Choosing Instead of Placing

Rethinking math courses should go hand-in-hand with shifting the way schools think about assigning students to courses, Daro and Asturias wrote in the new report. Instead of “placing” students in classes based on adults’ perceptions of their mastery, schools should engage in a dialogue with students, asking what their career goals are and offering information about each math pathway so students and their families can decide the best match.

That approach will likely mean that many students need support to be successful in their chosen math classes, the report said, so schools will have to provide things like summer bridge courses, or classes that students can take alongside their regular math classes—a model colleges call “co-requisite” courses—instead of getting mired in remedial math courses.

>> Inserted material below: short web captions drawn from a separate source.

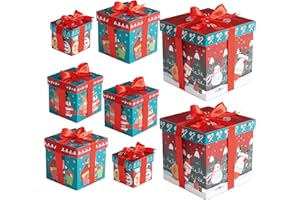 THE TWIDDLERS Geschenkbox Set 8-teilig für Weihnachten - Geschenkkartons mit Schleife in 4 Größen (18/15/13/10 cm) - Wiederverwendbare Geschenkboxen mit Band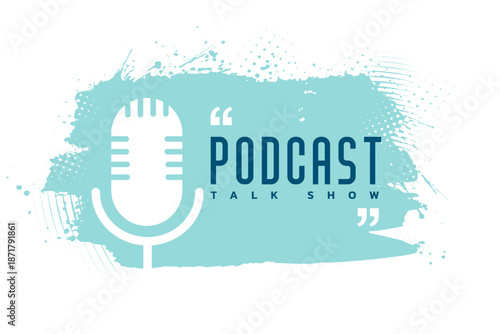podcast studio talk show concept poster with grungy effect
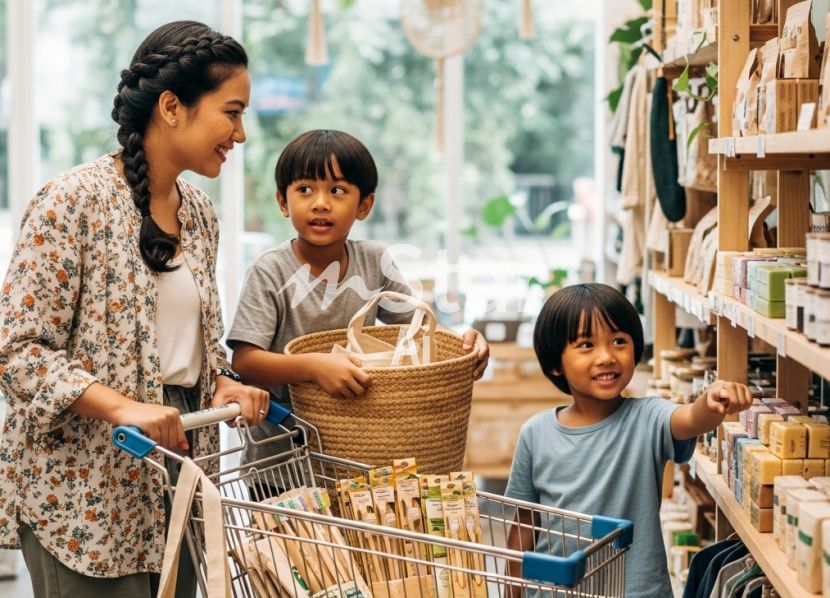 Membeli belah bersama anak-anak pasti menghiburkan. -Gambar hiasan AI
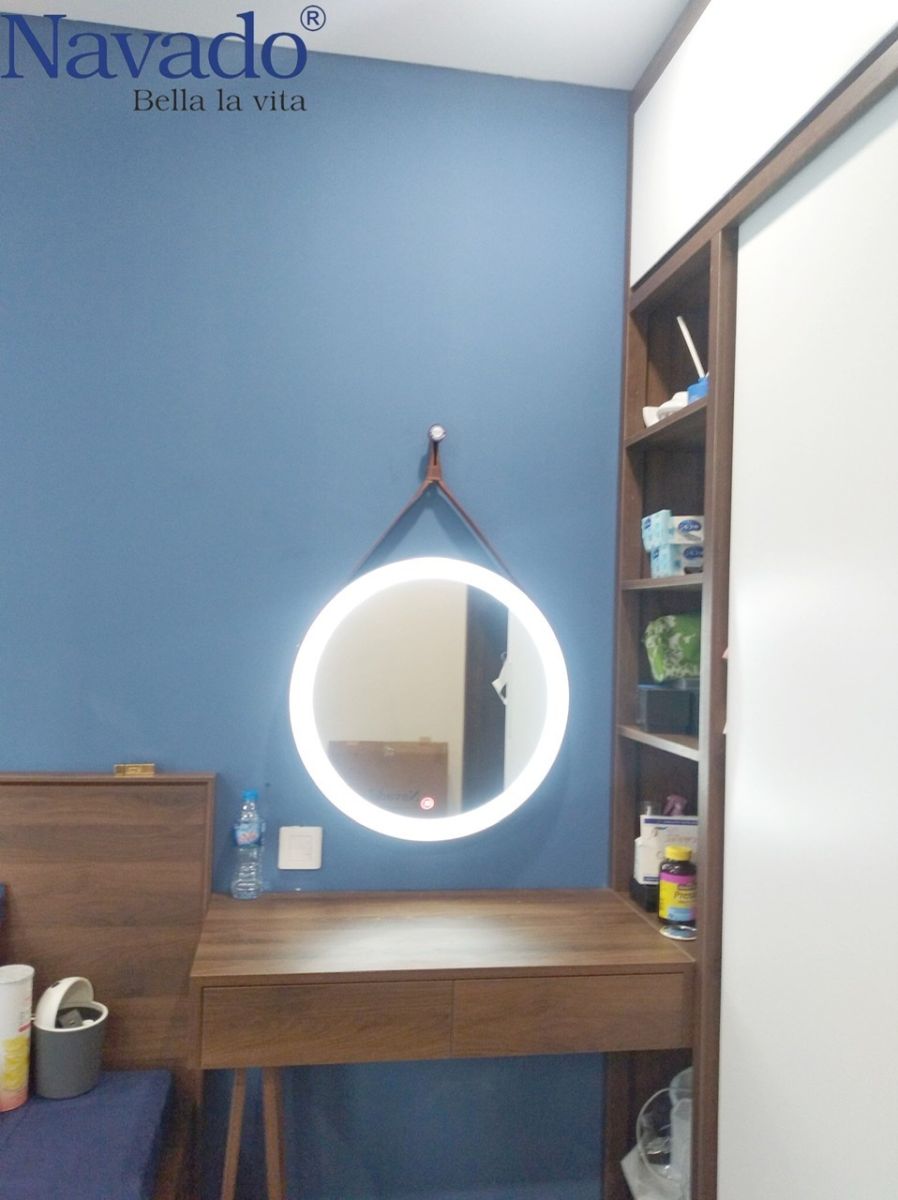 Round wall Vanity Mirror leather led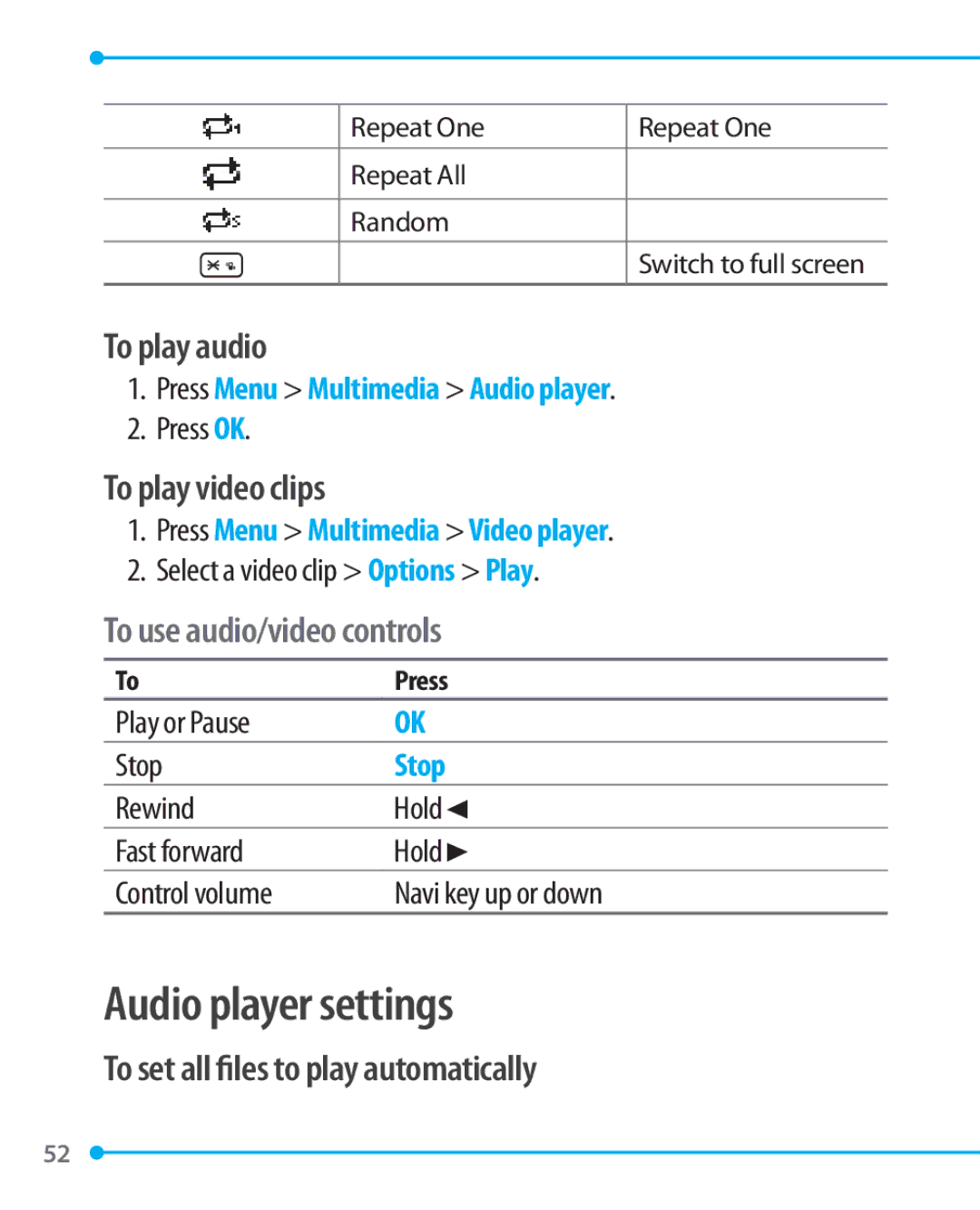 Pantech P1000 manual Audio player settings, To play audio, To play video clips, To set all files to play automatically 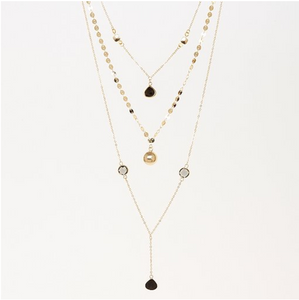 Triple chain necklace - Black and Gold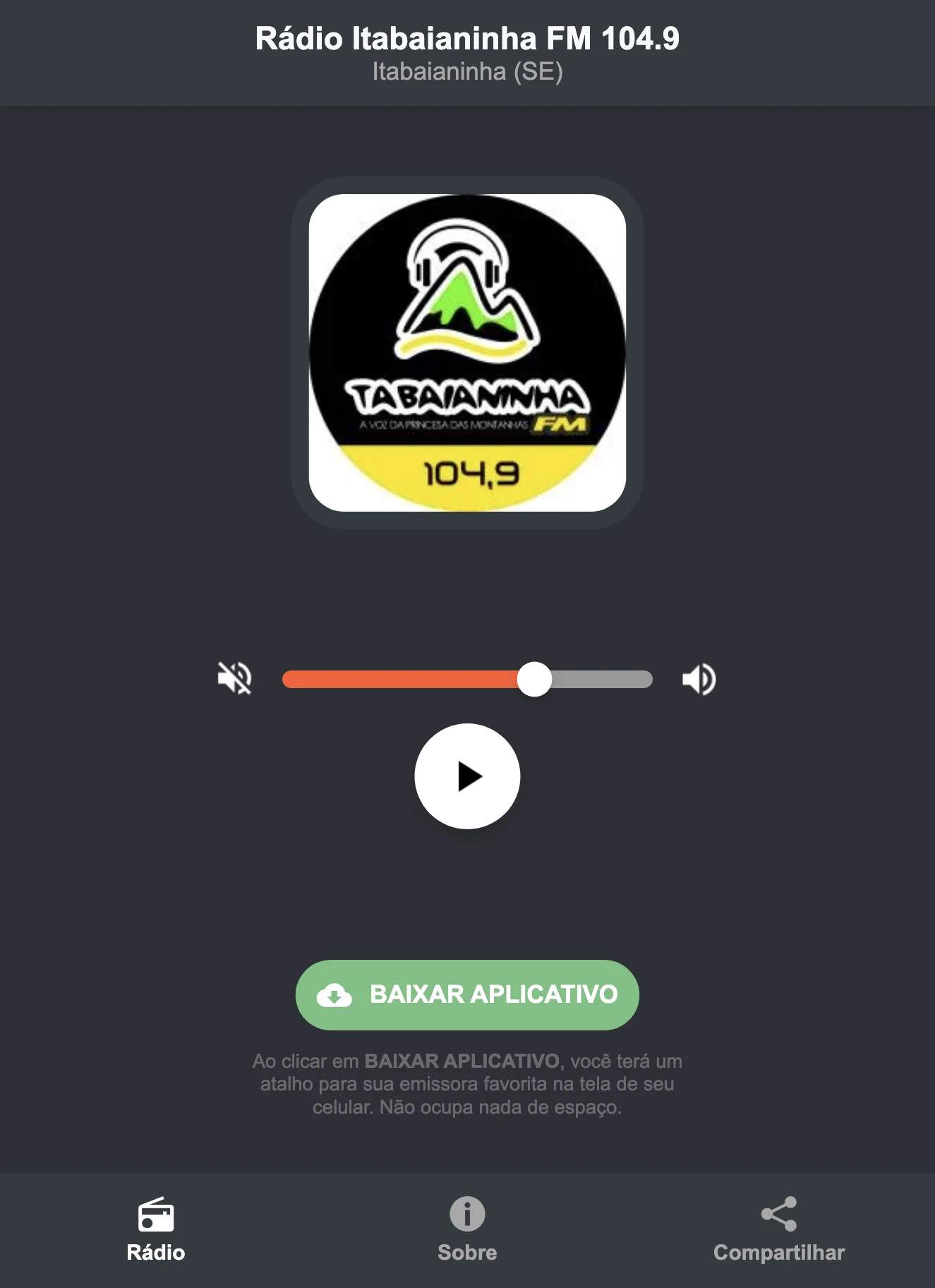 Screenshot do aplicativo da Rádio Itabaianinha FM 104.9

Teachers will need to shift instructional strategies as well, from a model that values the students who quickly raise their hands to a model that encourages “curious and thoughtful” dialogue that includes all students, the report says. Teachers and counselors will need to work with students to heal their “damaged math identities,” it said, since so many students, ill-suited to the classic math course progression, end up feeling like they’re bad at math.

For the new kinds of courses and sequences to work in high school, colleges will have to embrace supportive policies, the report said. Too often, colleges require completion of Algebra 2, or use calculus as a “signal” of students’ potential, the report said. Some universities are starting to crack those doors open, dropping the Algebra 2 expectation and using courses like Advanced Placement statistics as signs of a wider variety of math mastery, the report said.

The themes in the new report aren’t new. “Catalyzing Change in High School Mathematics,” released last year by the National Council of Teachers of Mathematics, urged schools to end tracking and create new pathways that would have shared courses for the first two years, and then diverge into various options in students’ third and fourth years that reflect their goals and interests.

joint statement in 2012 by NCTM and the Mathematics Association of America urged schools to leave calculus to universities, and cultivate high school students’ expertise in algebra, geometry, and trigonometry.